Sayfa Yükleniyor...
Bizim yıllardır girmeye çalıştığımız Avrupa Birliğinden İngilizler çıkmaya çalışıyorlar. Zaten İngilizler kısmen içerdeydiler, şimdi Tamamen çıkalım mı çıkmayalım mı? diye referanduma gidecekler.
Biz Lütfen bizi alın diye kapıyı zorlarken İngiliz muhalefeti Türkler geliyor, etrafta zontalar, mafya ve çeteler kol gezecek, onlar girmeden kaçalım diye propaganda yapıyorlar. Bu propaganda oldukça tutmuş olacak ki İngiliz Başbakanı Türkler ancak 3000 yılında Avrupa Birliğine girerler, korkmayın diye bir açıklama yapmak zorunda kalmış.
Şaka değil gerçek.
Kendimi bildiğimden beri Avrupa Birliğine girmeye çalışıyoruz.
Kendimi ne zaman bildiğimi net olarak hatırlamıyorum ama hafızamı zorladığımda bu konuda hatırlayabildiğim iki kelime bulabildim. Ali Bozer ve AET (Avrupa Ekonomik Topluluğu)
Şimdi internetten baktım 1986 ve 1989 yılları arasında AETden sorumlu Devlet Bakanı olarak görev yapmış. O zamanlar Avrupa Birliğinin adı buydu.
Zaten İngiliz Başbakanı da Türkler 1987 yılında başvurdular.

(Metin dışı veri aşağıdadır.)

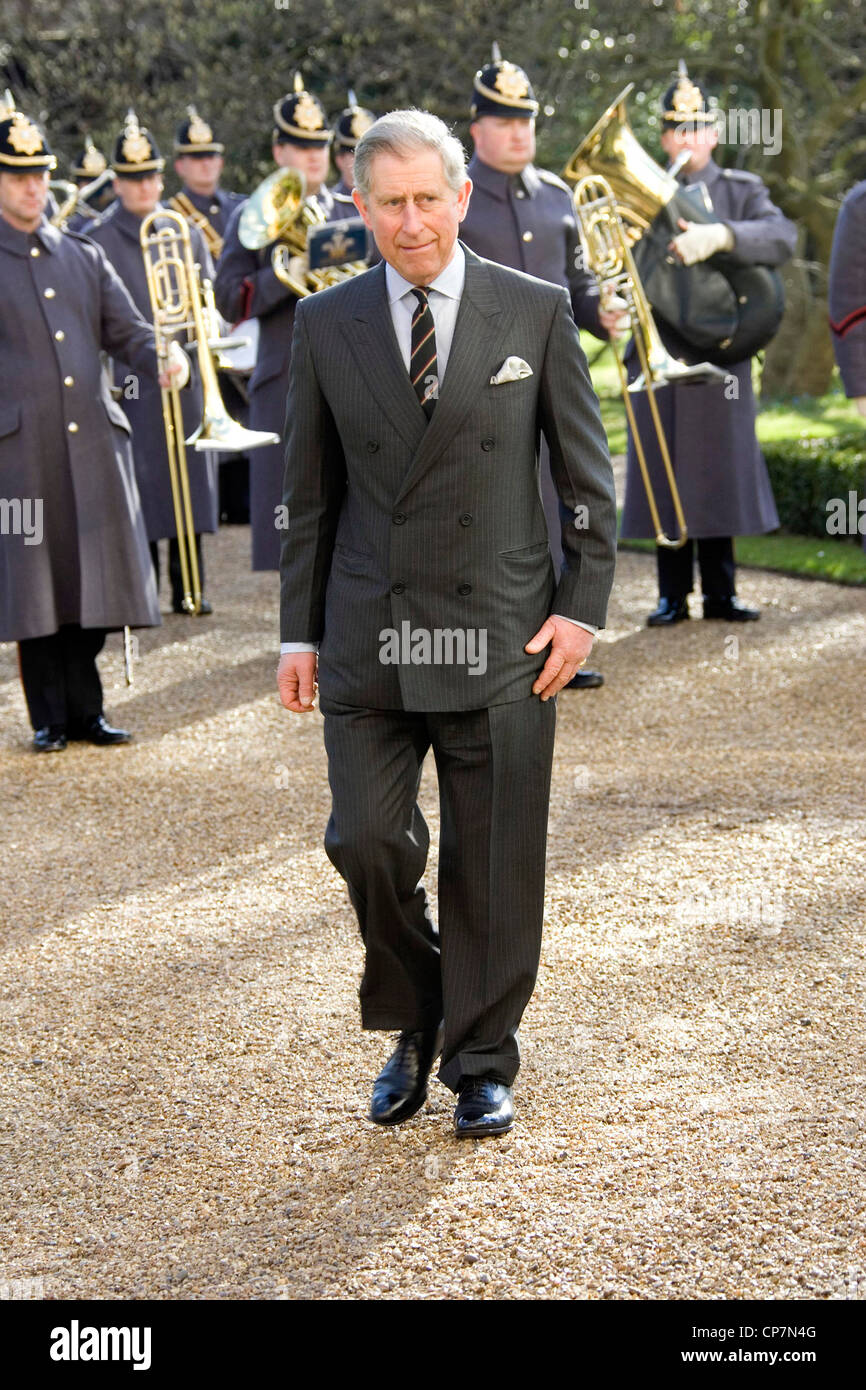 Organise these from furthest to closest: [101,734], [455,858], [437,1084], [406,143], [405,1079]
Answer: [101,734] → [437,1084] → [405,1079] → [455,858] → [406,143]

Ancak birliğe katılmak için gereken koşulları öylesine ağır bir şekilde yerine getiriyorlar ki ohoo sittin sene giremezler diye cümlesine başlamış. Haksız mı? Haklı.
Temelleri 1951 yılında atılan Avrupa Birliği ile Türkiye arasında 1963 yılında ortaklık antlaşması ile Kardeşim biz de size girmek istiyoruz demişiz. Onlarda Şunu yap girersin demişler. Biz denileni Bir ara yaparız diye öteleye öteleye yıllara yaymışız. Yaptım diye gittiğimizde de Valla aradan çok zaman geçti. Sen şimdi de şunları, şunları yap, gel demişler.

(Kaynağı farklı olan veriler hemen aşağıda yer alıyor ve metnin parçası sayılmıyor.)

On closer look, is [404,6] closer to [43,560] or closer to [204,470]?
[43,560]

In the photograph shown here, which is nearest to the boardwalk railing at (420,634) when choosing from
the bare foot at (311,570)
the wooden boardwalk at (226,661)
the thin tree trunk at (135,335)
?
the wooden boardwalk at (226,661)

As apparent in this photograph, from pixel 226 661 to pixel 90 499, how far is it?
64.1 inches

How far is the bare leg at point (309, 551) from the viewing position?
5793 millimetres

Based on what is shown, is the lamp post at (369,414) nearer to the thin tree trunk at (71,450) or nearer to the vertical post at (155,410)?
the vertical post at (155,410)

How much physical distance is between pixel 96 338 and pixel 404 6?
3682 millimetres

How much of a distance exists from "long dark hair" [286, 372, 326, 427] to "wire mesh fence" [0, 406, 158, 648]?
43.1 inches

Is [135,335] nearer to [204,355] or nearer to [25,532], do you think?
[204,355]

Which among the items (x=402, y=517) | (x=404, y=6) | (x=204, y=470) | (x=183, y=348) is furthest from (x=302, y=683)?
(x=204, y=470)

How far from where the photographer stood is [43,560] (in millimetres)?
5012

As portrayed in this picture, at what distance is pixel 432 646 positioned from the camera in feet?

Duygusal milletiz. Sana küstüm demişiz koşulları yerine getirmemişiz, bir de araya bir iki Askeri darbe girmiş.
Bu arada 1981 yılında Yunanistan birliğe girmiş. Yunanlılar girince Biz Türkleri istemeyiz. Hem onlar şunları ve şunları eksik yapmışlar diye Avrupa Birliği ülkeleri nezdinde menfi propaganda yapmışlar. Eksikleri tekrar yapıp gitmişiz bu sefer de Marmaristeki keçi adası, Bodrumdaki eşek adası, Çeşmedeki Eşekin babası adası bizim. Biz oralara asker çıkaracağız. Ses çıkarmazsanız bizde ses çıkarmayız demişler.
Netekim (ki bilgisayar bu kelimeyi otomatik olarak Nitekim diye değiştiriyor. Üçüncü kez yazınca kabul etti) 12 Eylül darbesi ile meşgul olduğumuzdan bizde sesimizi çıkarmamışız.

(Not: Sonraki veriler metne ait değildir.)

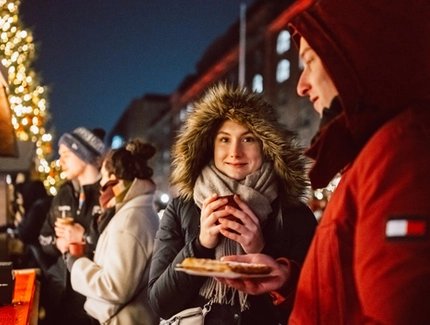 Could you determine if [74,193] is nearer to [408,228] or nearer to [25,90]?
[25,90]

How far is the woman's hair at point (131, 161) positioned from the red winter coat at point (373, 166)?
3.49 meters

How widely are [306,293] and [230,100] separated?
2.03 meters

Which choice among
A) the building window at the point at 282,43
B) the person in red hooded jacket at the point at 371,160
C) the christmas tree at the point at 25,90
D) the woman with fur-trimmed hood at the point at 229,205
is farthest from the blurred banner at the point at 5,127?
the building window at the point at 282,43

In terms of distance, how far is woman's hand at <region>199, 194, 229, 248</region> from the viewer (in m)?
3.49

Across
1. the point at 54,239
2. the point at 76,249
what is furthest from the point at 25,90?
the point at 76,249

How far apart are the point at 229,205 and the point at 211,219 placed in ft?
0.43

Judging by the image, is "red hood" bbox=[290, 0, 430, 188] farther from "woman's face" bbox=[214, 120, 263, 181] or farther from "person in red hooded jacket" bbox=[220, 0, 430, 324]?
"woman's face" bbox=[214, 120, 263, 181]

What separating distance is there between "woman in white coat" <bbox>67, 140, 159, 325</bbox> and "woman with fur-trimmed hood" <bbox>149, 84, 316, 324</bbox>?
94 cm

Nihayet 1987 yılında tam üyeliğe başvurmuşuz. Bu sefer de araya giren terör olayları nedeniyle ödevleri ancak 1999 yılında bitirmişiz ve Onlarda bizi Tam üye adayı kabul etmişler.
Biz ilk başvurduğumuzda 6 ülke ( Almanya, Belçika, Hollanda, Fransa, Luksemburg, İtalya) varken, bize verilen Hayli çaba gerekli karneleri yüzünden şu anda 28 üyeli kocaman bir ülke haline gelmiş.
Bu arada Yunanlılar ve Rumların Ege ve Akdenizde almadıkları küçük ada ya da kaya parçası kalmamış.
Kıbrısı verirseniz okey veririz diyorlar. Onun için müzakereler devam ediyor. Kıbrıslılarda Kardeşim keşke bizi kurtarmasaydınız. Bırakın biraz cebimiz para görsün dediklerinden bu müzakerelerin büyük olasılıkla yakında olumlu sonuçlanacağını, Kıbrısta Yunanlıların hakim olduğu bir yönetimin başa geleceğini düşünüyorum.
Verecek tek bir şeyimiz kaldı.
Onu da tahmin ediyorsunuzdur. Onu da verirsek Bize vize serbestisi sağlayacaklarmış.
Bize bu serbestiyi verdiklerinde de biz rahatça Avrupaya girecekmişiz.
Bize giren girdi zaten farkında değiliz. Egedeki adalarda, kayalıklarda Yunan bayraklarına bakın. Ne demek istediğimi anlarsınız.